*What this task involves*. Transcribe the records below from the first line to the line that includes "Un collier de", inclusive, and omit the pictures.

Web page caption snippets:
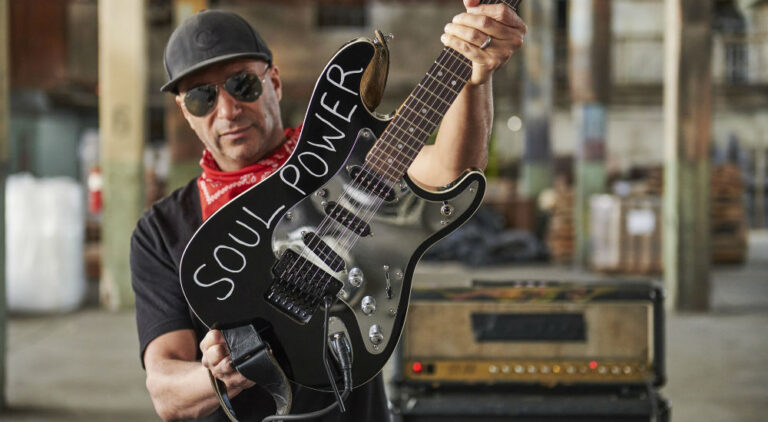 Tom Morello Soul Power Stratocaster: cây guitar được tạo ra để phá luật
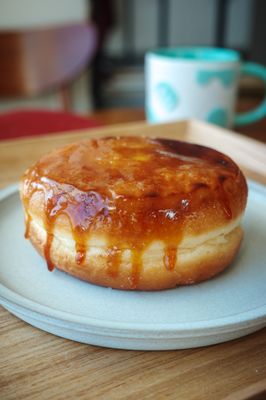 Doce Donut Co by null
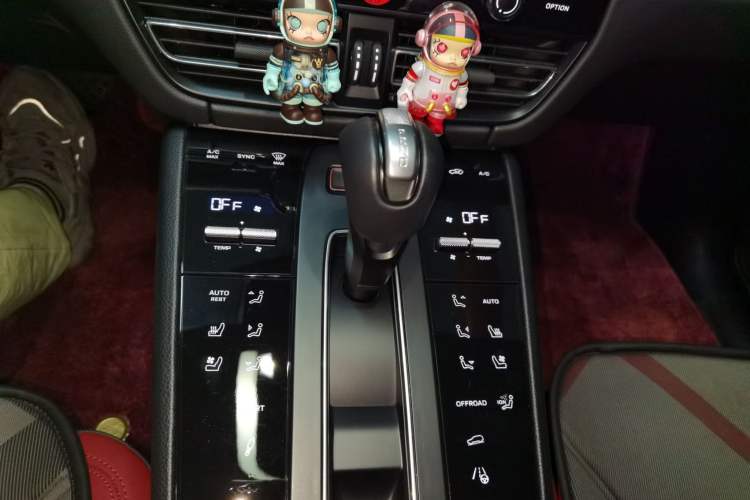 Used Porsche Macan 2024 Macan 2.0T Gear Lever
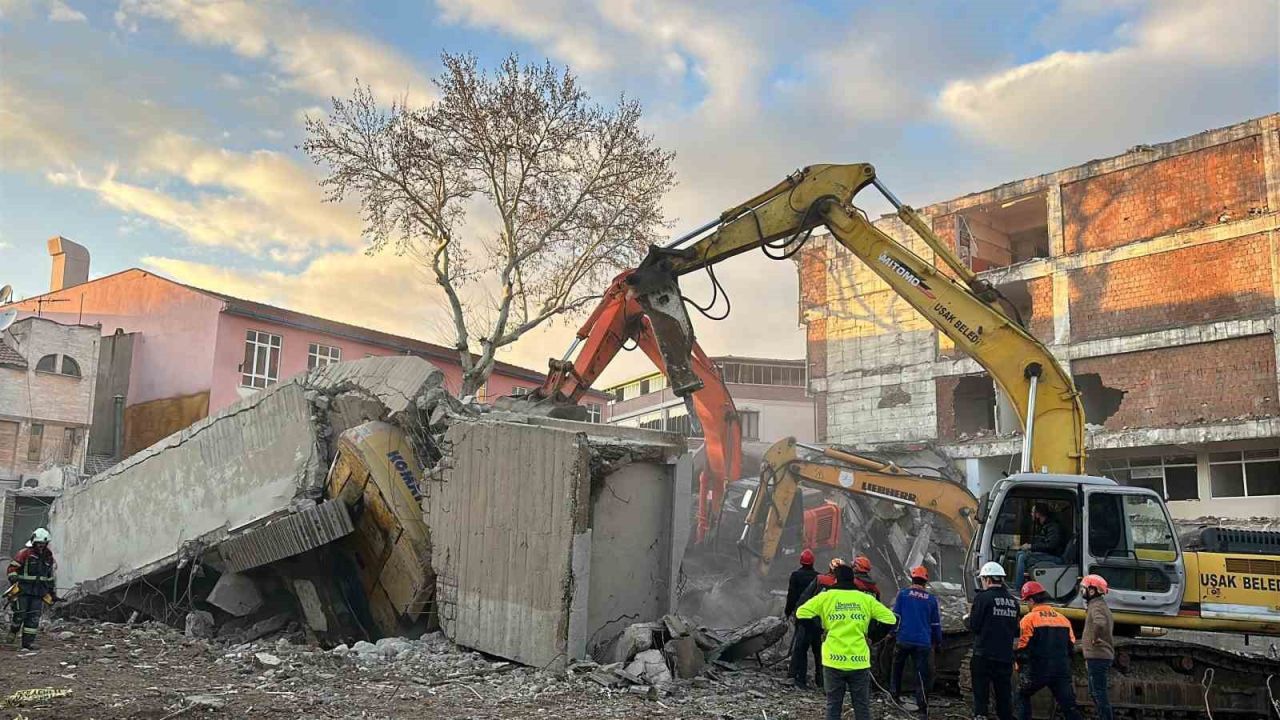 Uşak’ta enkaz altında kalan iş makinesi operatörünün cansız bedenine ulaşıldı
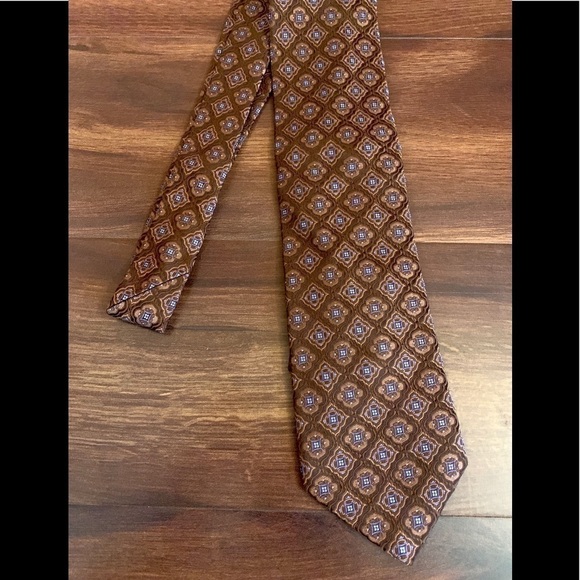 IKE BEHAR New York Brown Silk Necktie - Picture 6 of 10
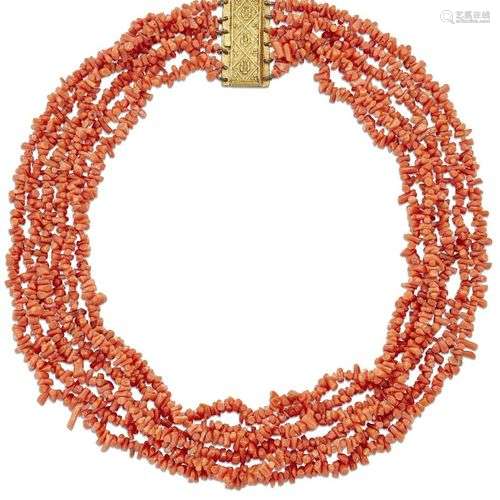 Un collier de corail, composé de cinq rangées de longueurs v...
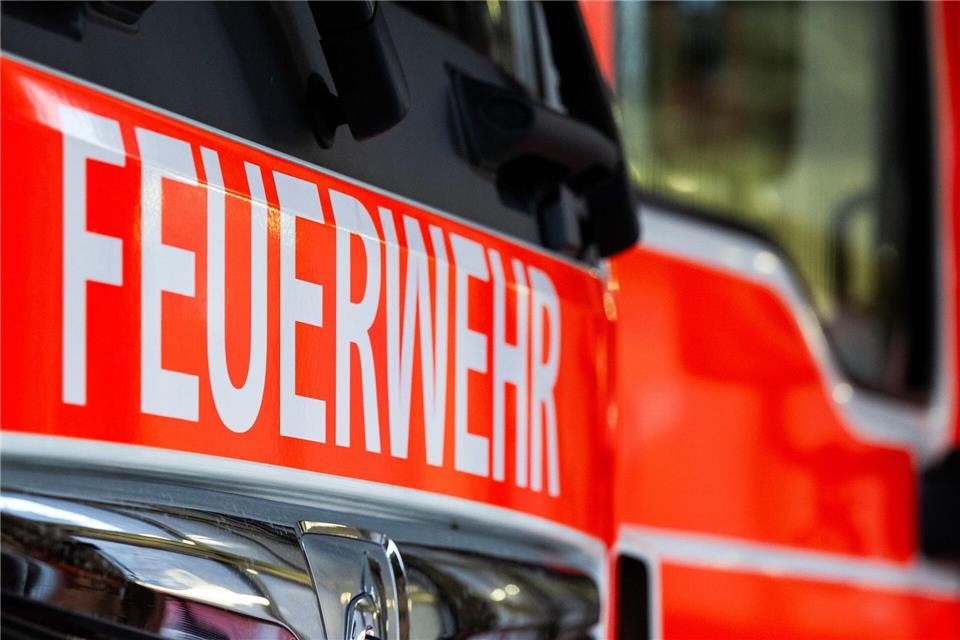 Ein Feuer zerstört ein Wohnhaus, der Schaden wird auf mindestens 350.000 Euro geschätzt. (Symbolbild)Soeren Stache/dpa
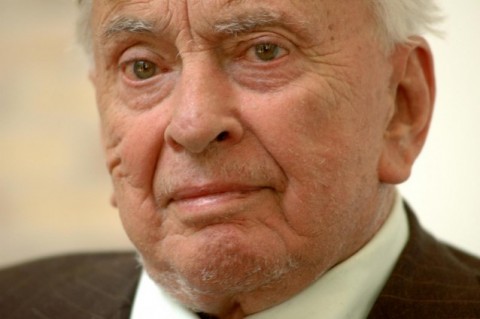Gore Vidal Lo Strillone: addio al cowboy e anche dandy Gore Vidal su La Stampa. E poi Pierre Cardin furioso, polemica Mitoraj a Pietrasanta, Alemanno lanzichenecco…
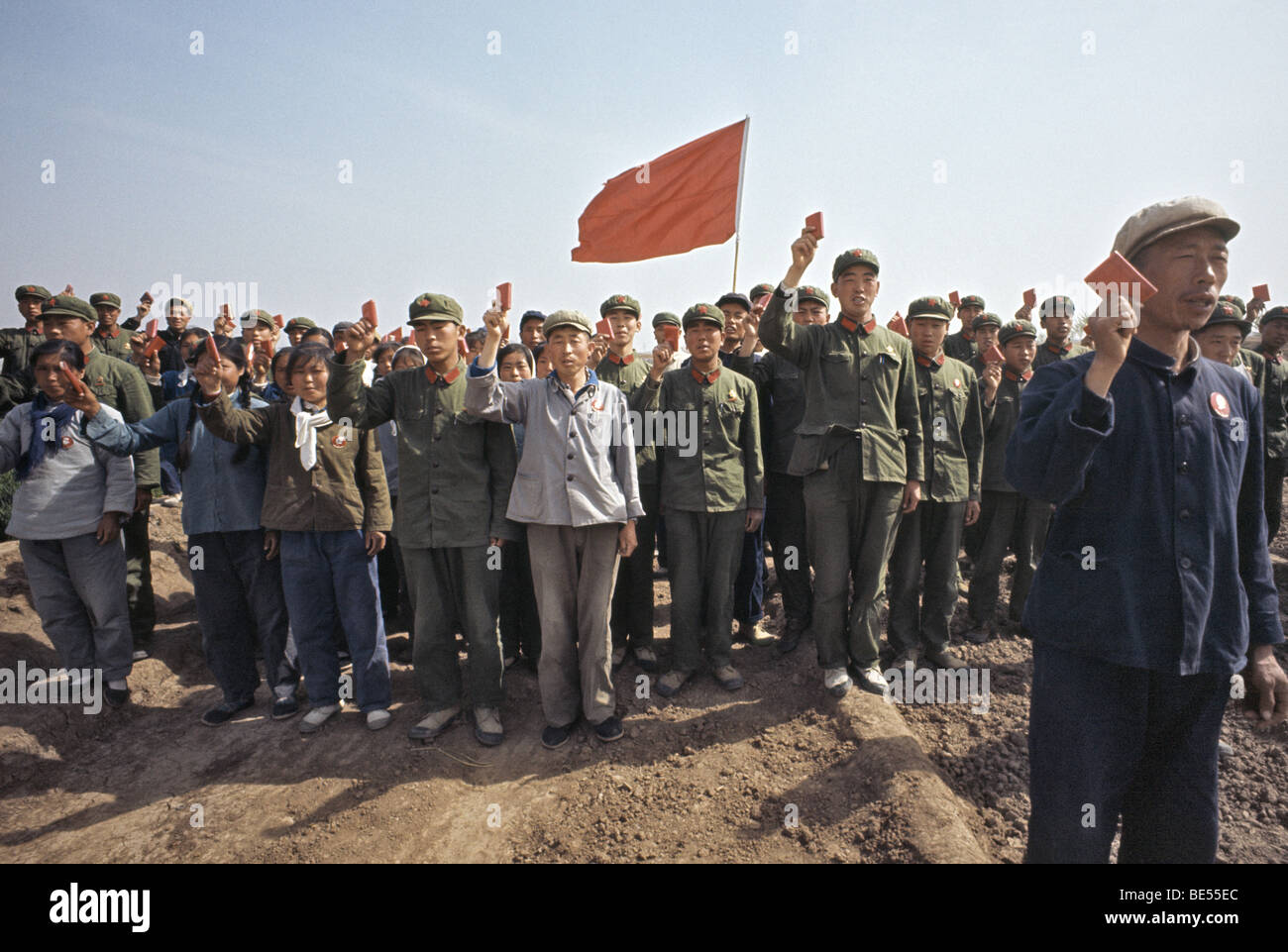 Studenten, die während der Kulturrevolution China 1971 an die Landschaft Welle ihre "Little Red Books" gesendet Stockfoto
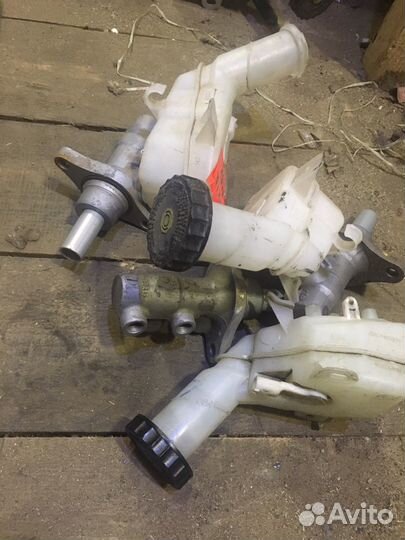 Главный тормозной цилиндр Mitsubishi Lancer X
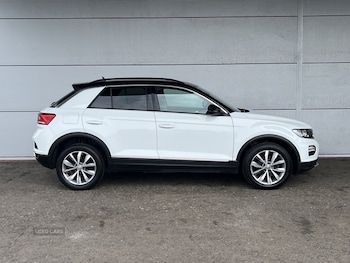 Used Volkswagen T-Roc 2019 for sale - 78923638: Photo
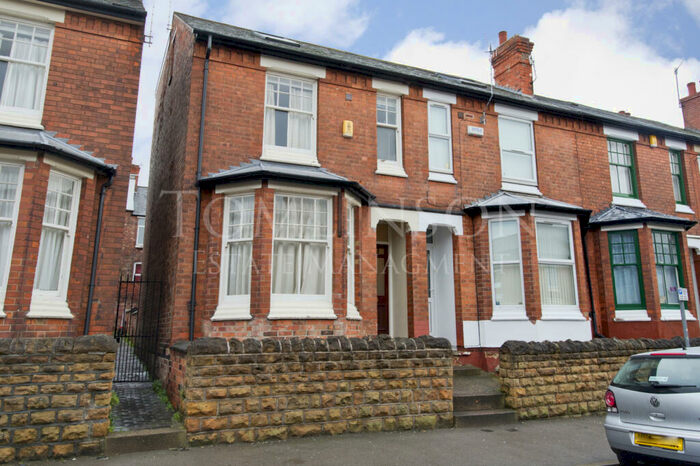 6 Bedroom Semi Detached House To Rent In Cottesmore Road, Lenton, Nottingham, NG7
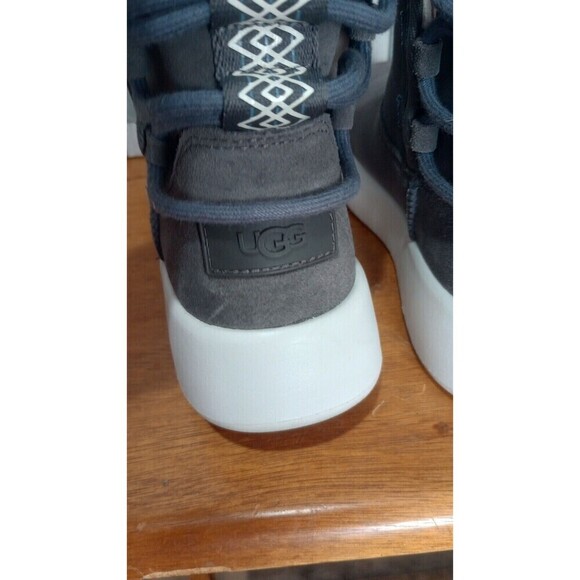 Ugg Classic Boom Suede Gray Boots Size 6 Women's Faux Fur Lining Comfortable - Picture 3 of 11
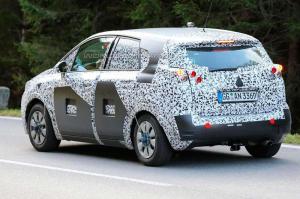 Третье поколение Opel Meriva замечено на тестах
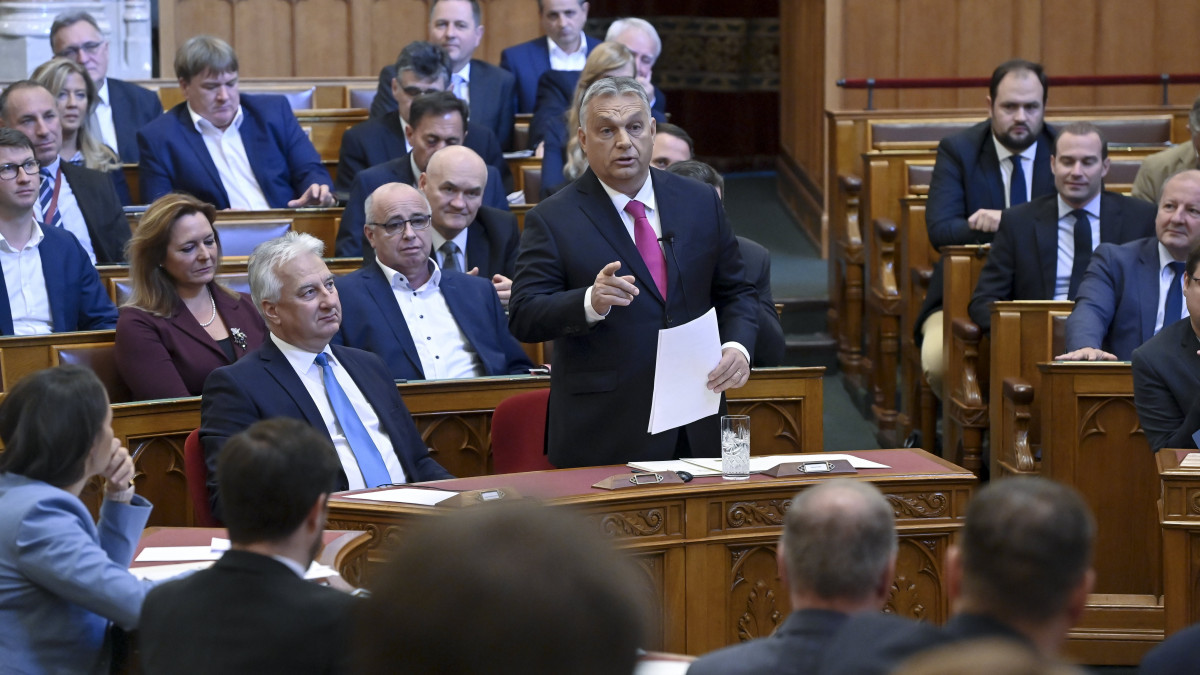Orbán Viktor kormányfő azonnali kérdésre válaszol az Országgyűlés plenáris ülésén 2021. október 25-én. Mellette Semjén Zsolt miniszterelnök-helyettes (b).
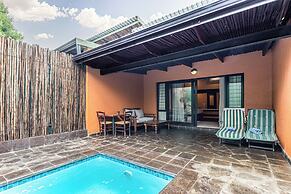 Riverstone Lodge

*Written solution*.
 Tom Morello Soul Power Stratocaster: cây guitar được tạo ra để phá luật
 Doce Donut Co by null
 Used Porsche Macan 2024 Macan 2.0T Gear Lever
 Uşak’ta enkaz altında kalan iş makinesi operatörünün cansız bedenine ulaşıldı
 IKE BEHAR New York Brown Silk Necktie - Picture 6 of 10
 Un collier de corail, composé de cinq rangées de longueurs v...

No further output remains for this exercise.